Ringfort (Rath), Knockogonnell, Co. Galway
Co. Galway |
Ringforts
What makes this particular earthwork quietly arresting is not just its own presence, but the fact that it sits a mere 170 metres from another ringfort entirely.
Two of these ancient enclosures occupying the same stretch of Galway landscape, close enough to be neighbours, is an arrangement that prompts obvious questions about who lived here, and whether they did so at the same time.

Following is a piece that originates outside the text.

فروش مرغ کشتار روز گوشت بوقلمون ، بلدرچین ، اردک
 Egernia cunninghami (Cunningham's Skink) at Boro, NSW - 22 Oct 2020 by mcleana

The monument at Knockogonnell is a circular rath, a type of enclosed settlement built predominantly during the early medieval period in Ireland, typically between the fifth and twelfth centuries. A rath consists of a raised earthen bank, or rampart, encircling a central living area, usually accompanied by an external fosse, the drainage ditch dug to provide the material for the bank itself. This one measures 45.5 metres in diameter and survives in fair condition. Its enclosing element shifts character as it runs around the site: a conventional bank and fosse define much of the circuit, but from the north around to the east the natural ground drops away as a scarp, the slope of the land itself serving as part of the boundary. A possible entrance has been identified on the eastern side. Beyond the monument proper, field banks curve around it from the south-east, through the south, and on to the north-west, suggesting that the agricultural organisation of the surrounding land has long taken the rath's presence into account, shaping itself around an obstacle that was already ancient.